Yesterday, I woke up and stepped out of my 19th-floor apartment, on the way to church. Passing the light well, its orientation one that scoops in sea breezes, the first thing I smelled was that familiar odour of distant fires. I realise now that it was probably blowing in from Sumatra’s Jambi Province, Desa Rimau Baku Tuo, Kecamatan Sadu, Kabupaten Tanjung Jabung Timur, to be precise. Checking the wind direction this seemed most likely.
Desa Rimau Baku Tuo. This area borders the Berbak National Park. Haphazard, clearing and the use of fire endanger national park forest margins.
Why burning now
It’s the dry season in Jambi so it’s the ideal time to burn off areas of peatland forest. Fire is used to clear land in preparation for development of palm oil or wood pulp plantations. Many corporations in the palm oil and wood pulp industries regard the forest land as unproductive and ripe for ‘development’.

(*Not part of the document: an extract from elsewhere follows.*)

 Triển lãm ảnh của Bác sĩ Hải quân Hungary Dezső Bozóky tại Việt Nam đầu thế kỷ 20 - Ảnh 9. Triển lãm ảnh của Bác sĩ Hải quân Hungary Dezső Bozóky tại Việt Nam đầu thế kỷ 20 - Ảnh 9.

Peatland clearing moratorium
In December 2016, Indonesia’s President Joko Widodo introduced a blanket ban prohibiting the draining and clearing peatland. The ban also applied to concessions already licensed to plantation companies.
The initiative was widely hailed as a step forward and a practical strategy for dealing with the disastrous fires plaguing Jambi and neighbouring provinces and the massive forest loss.

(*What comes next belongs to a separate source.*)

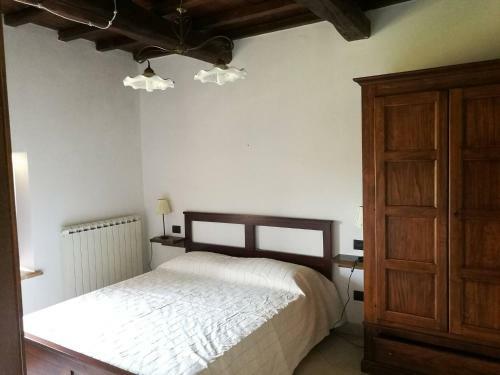 Whole Country House With 48 Beds Into 8 Apartmans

The fallacy of development
This so-called development imposes high costs. Present practices lead to:
- destruction of forest ecosystems;
- deaths of endangered animals;
- dispossession of Indigenous peoples like the Orang Rimba;
- the release vast amounts of carbon from carbon-rich peatland soils;
- pollution of drainage systems with pesticides; and,
- peatland shrinkage on cleared land facilitating potential ingress of seawater in coastal and estuarine settings.

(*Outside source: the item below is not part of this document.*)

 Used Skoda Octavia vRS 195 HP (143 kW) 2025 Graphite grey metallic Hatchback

In 2015 such was the scale of the problem that the fires caused massive air pollution, transboundary smoke haze, disruptions to air traffic, numerous respiratory and pulmonary health issues and made a major contribution to global warming.
Any attempt to calculate the externalities involved with this so-called development is difficult, but the scale of the ecological, human and planetary costs is significant.
While a country like Indonesia benefits from the export of palm oil, voices within are also expressing concern about the way the externalities might be approached.
There is a surprising lack of freely available research findings on the questions of externalities in the palm oil industry. ‘Palm oil the hidden costs‘ by Rachel Goehring University of Nebraska – Lincoln, (rachelksutton@gmail.com) makes an effort to explore some of the externalities. Clearly, more work is required.
Tragically, around 90% of the fires in Jambi are still deliberately lite and the burning of forest land is often done at night to avoid surveillance. Once started they spread quickly.
A footnote from Prayoto Tonoto
The function of peat land as the global climate regulator has been threatened by human activities through deforestation and plantation, including the peatlands in Jambi. Berbak National Park is covered by 110,000 hectares of peatlands. Most of the land changes is detected in August-October represent the temporal complexity affected by fires. Under the regulation, the farmer is allowed to use fire for land preparation under 2 hectares. However, fire utilization is prohibited for land preparation in concessionaries. The Result showed fire tend to occur in peatland every year. Land covers before fire occurrence mostly were bush and disturbed secondary forest. On average, 21% was converted into forest plantation and 27% was converted into palm oil plantation, the rest areas were community land.